オイシックス代表取締役社長 髙島宏平
お客さまの期待値を超える商品・サービスを提供し、ナチュラル&オーガニック市場をさらに拡大する!
加工度を高めた生鮮食品を増やす
──今回の株式上場によって、今よりも多くの生活者がオイシックスを知ることになるでしょう。今後、注力する分野はどこになりますか。
髙島 いくつか考えています。
まず1つめですが、昨年、神奈川県海老名市にある物流センターを刷新しました。そこには農産物や畜産物を加工できる機能が備わっていますから、カット済みの野菜や半調理した生鮮食品をラインアップに加えていきます。
当社がメーンターゲットにしているのは、料理ができて、やる気もあるお客さまですが、それ以外の「料理を簡単につくりたい」「でも冷凍食品やお総菜はイヤ」「料理が簡単・便利にできるオーガニック食品があったらいいのに」と考えるお客さま向けに、もう少し簡単にご自宅で料理ができるようなサービス・商品を増やしていきたいと考えています。
そして2つめはリアル店舗の展開強化になります。
実は当社は、東京都渋谷区の恵比寿三越内と、世田谷区の二子玉川ライズ・ショッピングセンター内にリアル店舗を計2店舗展開しているほか、最近では東急ストア(東京都/須田清社長)さんの店舗内に5平方メートル前後の「Oisix専用コーナー」を設けたりしています。
──リアル店舗はインターネットとの相乗効果も見込める。
とくに東急ストアさんの「Oisix専用コーナー」の売上は好調に推移しており、13年2月の2店舗に加えて、3月以降も毎月1~2店舗ずつコーナーを増やしていく方針です。通常はあまり売れない有機野菜やこだわり野菜であっても「オイシックス」というブランドで括ると売れるようになります。SMにとってはそれまであまり売れなかった高付加価値商品の売上が見込め、われわれとしてはお客さまとの接点を増やせるというメリットがあります。
髙島 そうです。
リアル店舗のお客さまには、すでに当社のことを知っている若い主婦層がおり、「店舗ができてうれしい」という声を多くいただきます。一方でオイシックスのことを知らなかったシニア層のお客さまもいます。シニア層の中にはリアル店舗で当社の商品のファンになり、ヘビーリピーターになる方も多くいます。そう考えると、リアル店舗はインターネットとシナジーがあると言っていい。インターネットではリーチできていなかったお客さまに当社のファンになってもらえるのですからとても有益だと考えています。
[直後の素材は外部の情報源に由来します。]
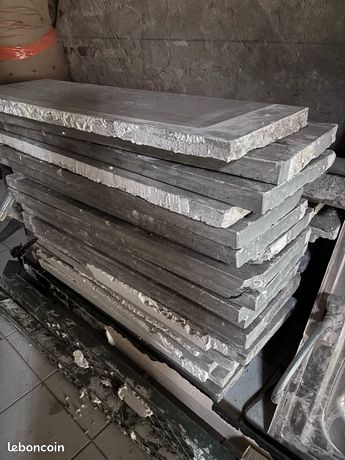 Marches et contre marches descalier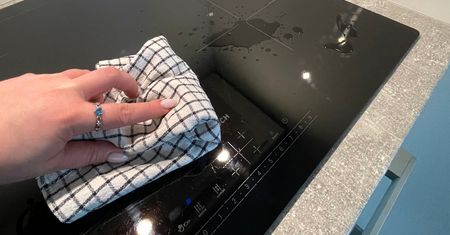 Wylewam na płytę indukcyjną. Lśni tak, że mogę się w niej przejrzeć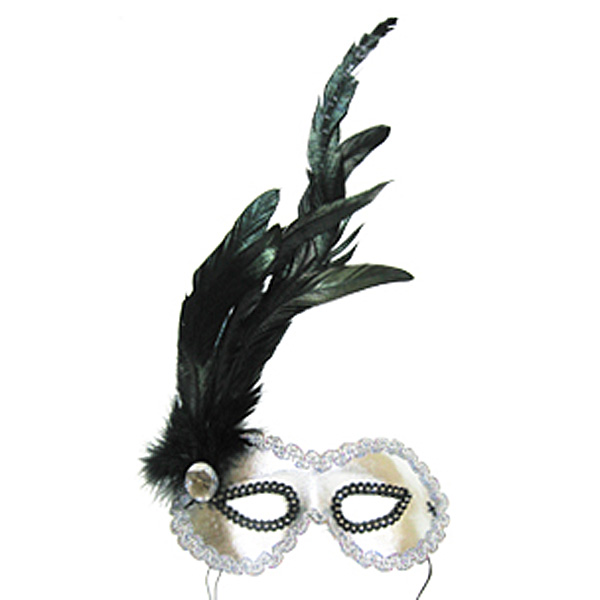 Карнавальная маска Незнакомка серебряная с перьями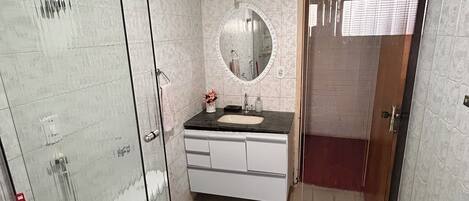 Dutxa, tovalloles i paper higiènic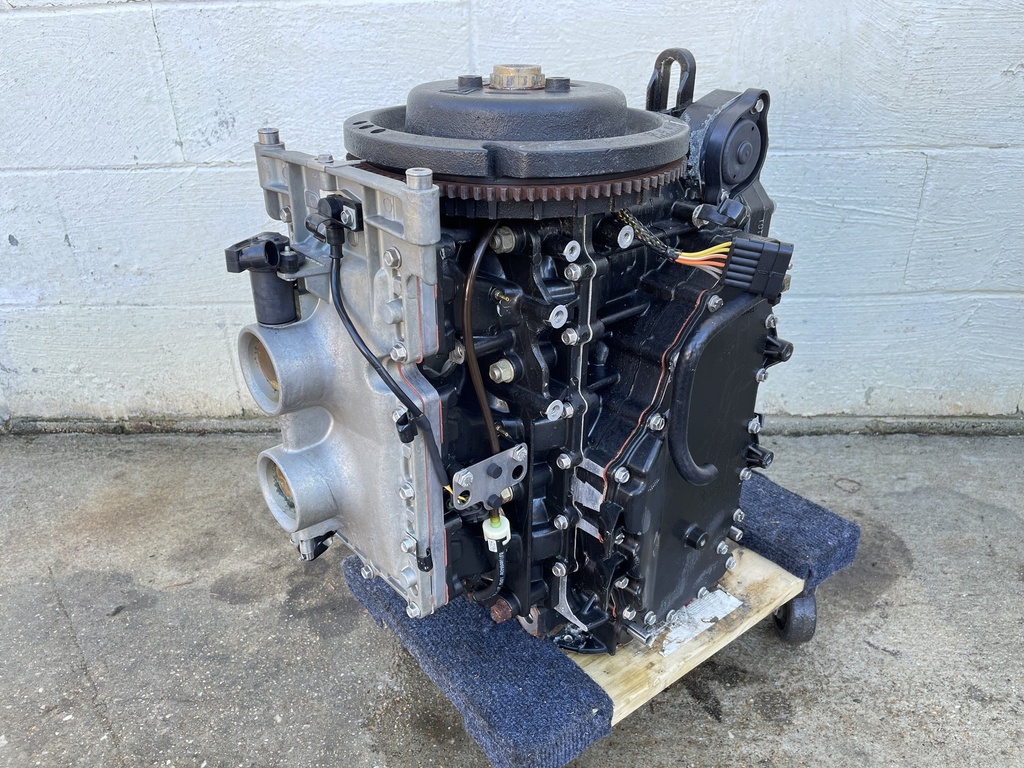 2007 Evinrude Etec 90HP 2 Stroke Outboard Engine Crankcase Powerhead Assembly 5006742 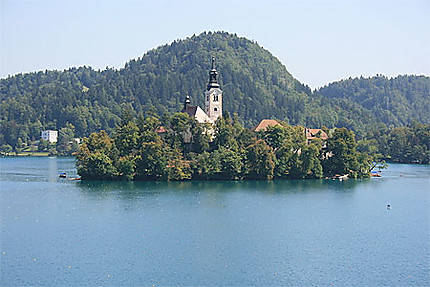 Île sur le lac de Bled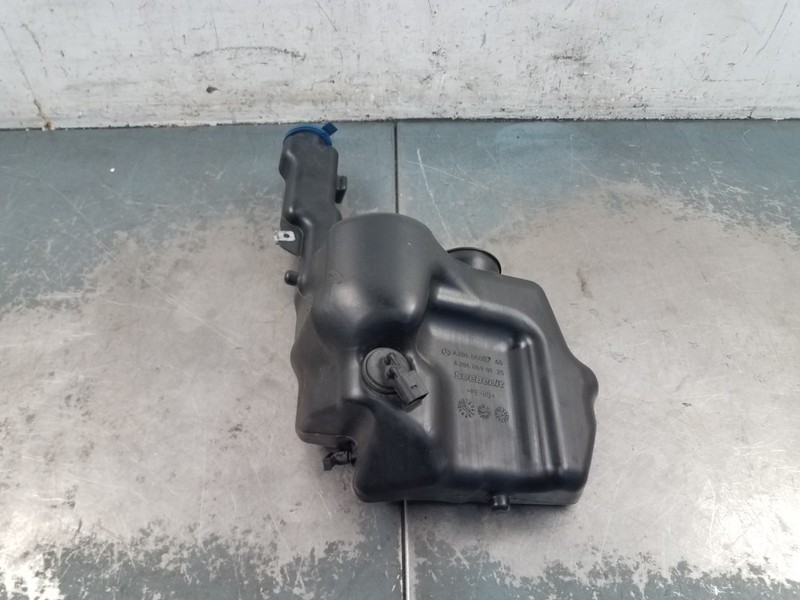 2008 Mercedes AMG C 63 Windshield Washer Reservoir #9566 K2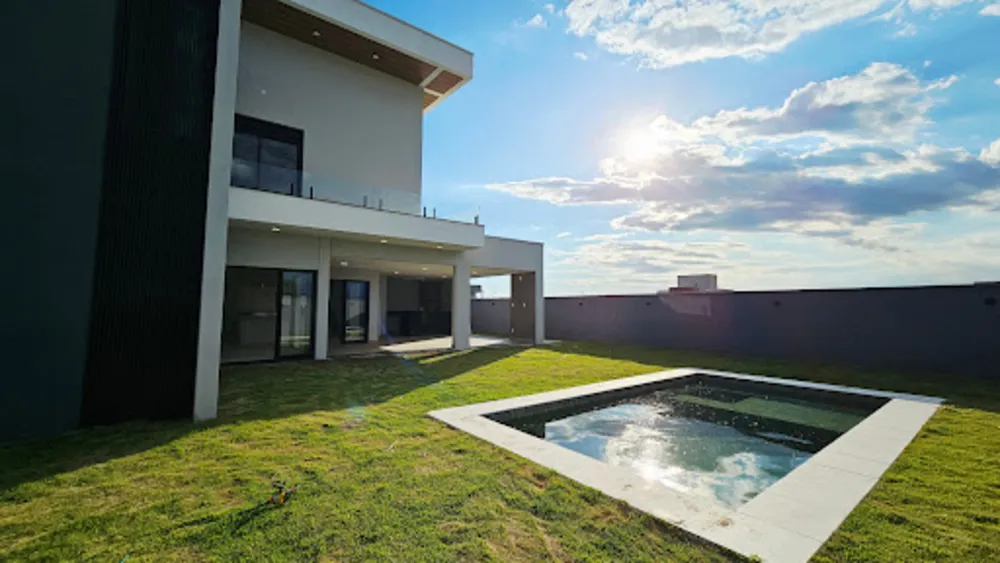 Sobrado, 3 quartos, 302 m² - Foto 1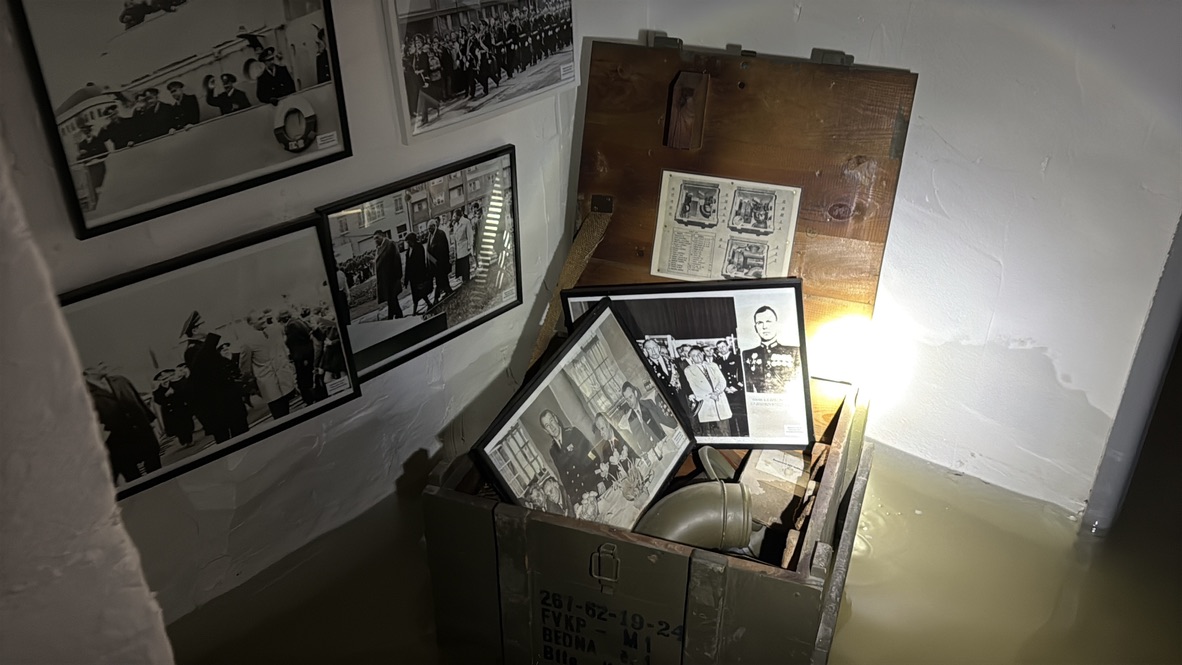 Historické fotografie a predmety v debne nad hladinou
──そもそも、リアル店舗のねらいは、お客との接点を増やす点にあったのですか?
髙島 リアル店舗はプロモーションだけではなく事業としても考えています。
オープン当初は売上が伸びず、廃棄や値引きロスが多くてとても苦労しました。「素人が店舗事業に手を出すと痛い目を見る」と思いましたが、商品力があるので徐々に売上が伸び、今では繰り返し利用してくださるお客さまが増え、ようやく軌道に乗ってきました。ですから今後2~3年内に本格的に事業化できると思います。
──新たなマーケティング施策として、どのようなことを考えていますか。
髙島 今後、新しいアライアンス(業務提携)によるマーケティング施策が増えていくと思います。
たとえば最近では、東京都渋谷区にある代官山蔦屋書店さんのマルシェ(朝市)に出店しました。するとスマートフォンを通じてその場で当社の会員になる方をたくさん目にしました。スマートフォンの普及でリアル店舗のイベントを通じたマーケティングの効果が高まっています。ですから全国の小売業さんなどと連携してお客さまとの接点をさらに増やしていきたいと考えています。